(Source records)
==*==
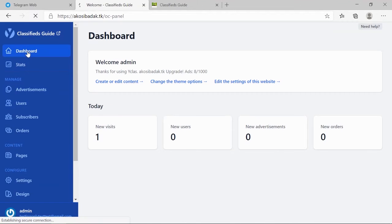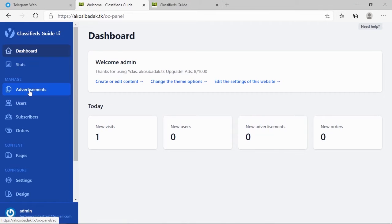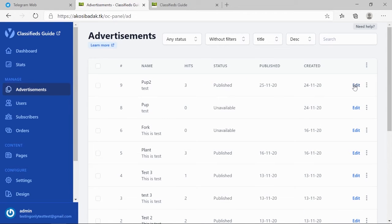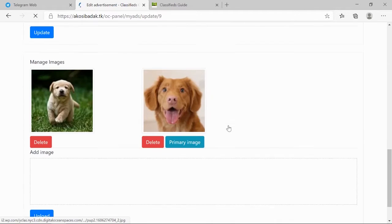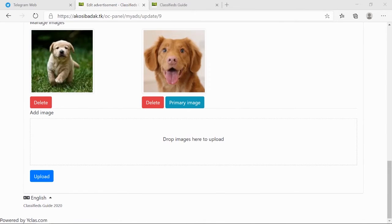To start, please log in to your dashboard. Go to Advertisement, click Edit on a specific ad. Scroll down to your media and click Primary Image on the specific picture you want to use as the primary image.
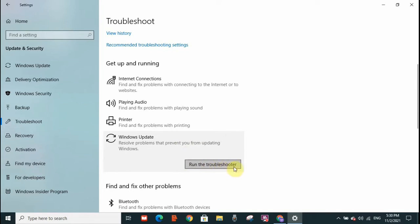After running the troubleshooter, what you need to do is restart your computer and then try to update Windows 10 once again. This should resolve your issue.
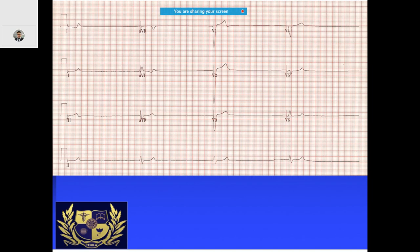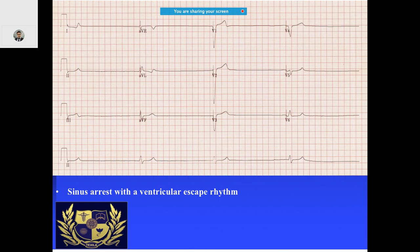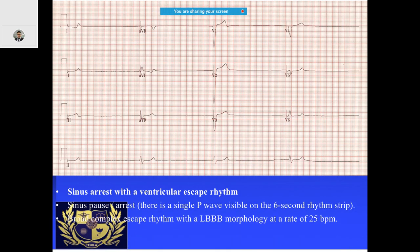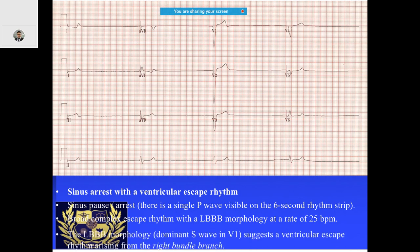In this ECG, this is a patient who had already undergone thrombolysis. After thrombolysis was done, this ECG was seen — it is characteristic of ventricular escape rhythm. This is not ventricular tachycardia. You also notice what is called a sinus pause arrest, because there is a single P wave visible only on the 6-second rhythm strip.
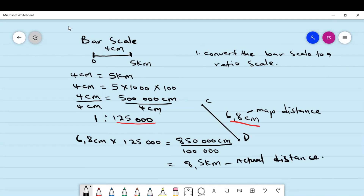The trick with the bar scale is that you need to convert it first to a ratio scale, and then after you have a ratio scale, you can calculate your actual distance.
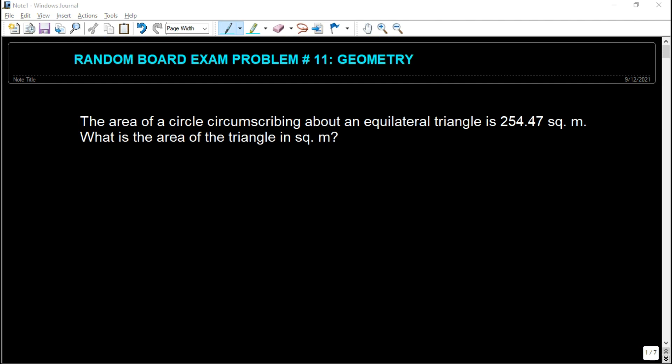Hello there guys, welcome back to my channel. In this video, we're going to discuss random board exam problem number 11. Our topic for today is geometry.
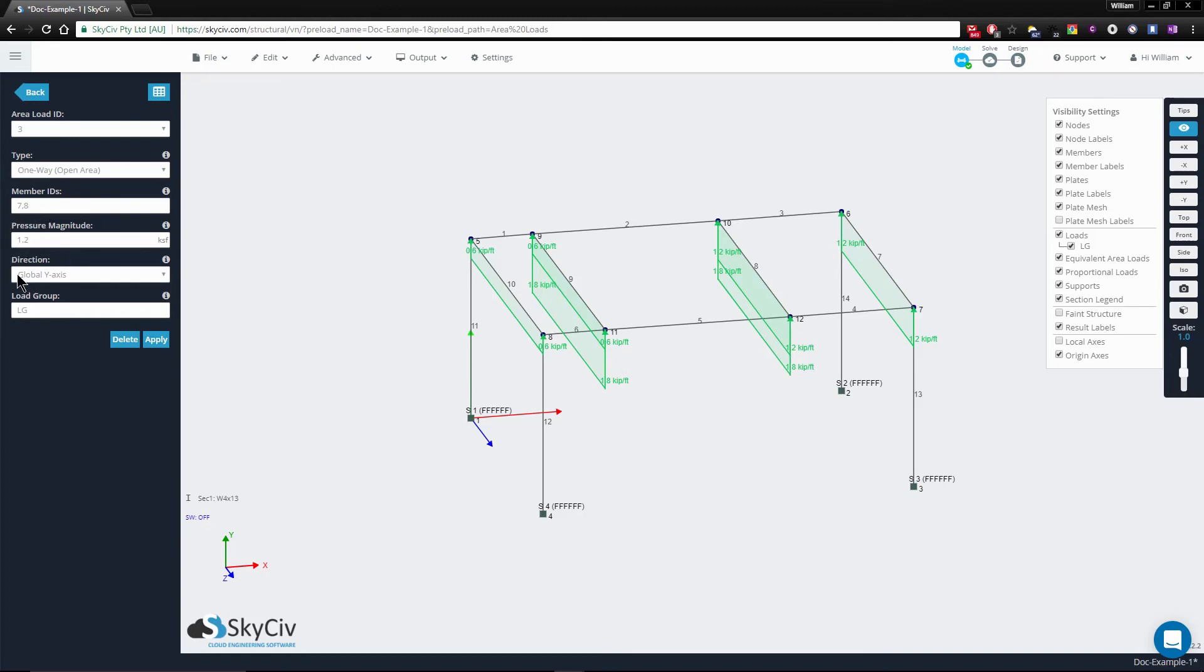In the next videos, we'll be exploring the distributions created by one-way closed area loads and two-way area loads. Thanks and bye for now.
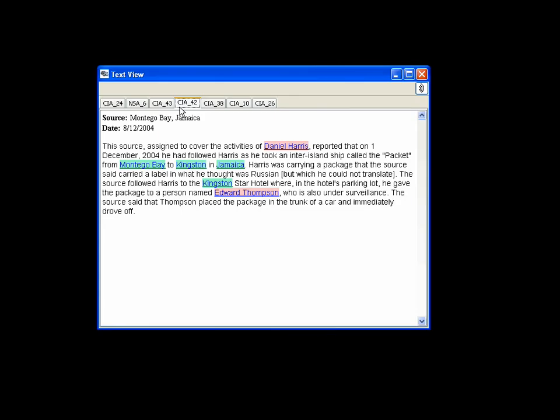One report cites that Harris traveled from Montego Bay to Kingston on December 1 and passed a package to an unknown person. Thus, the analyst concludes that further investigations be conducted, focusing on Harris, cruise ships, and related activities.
==*==
> _Exercise requirements_: Reproduce all of the data exactly; the pictures do not belong in the copy.

> _Answer space_:
To start, please log in to your dashboard. Go to Advertisement, click Edit on a specific ad. Scroll down to your media and click Primary Image on the specific picture you want to use as the primary image.
After running the troubleshooter, what you need to do is restart your computer and then try to update Windows 10 once again. This should resolve your issue.
In this ECG, this is a patient who had already undergone thrombolysis. After thrombolysis was done, this ECG was seen — it is characteristic of ventricular escape rhythm. This is not ventricular tachycardia. You also notice what is called a sinus pause arrest, because there is a single P wave visible only on the 6-second rhythm strip.
The trick with the bar scale is that you need to convert it first to a ratio scale, and then after you have a ratio scale, you can calculate your actual distance.
Hello there guys, welcome back to my channel. In this video, we're going to discuss random board exam problem number 11. Our topic for today is geometry.
In the next videos, we'll be exploring the distributions created by one-way closed area loads and two-way area loads. Thanks and bye for now.
One report cites that Harris traveled from Montego Bay to Kingston on December 1 and passed a package to an unknown person. Thus, the analyst concludes that further investigations be conducted, focusing on Harris, cruise ships, and related activities.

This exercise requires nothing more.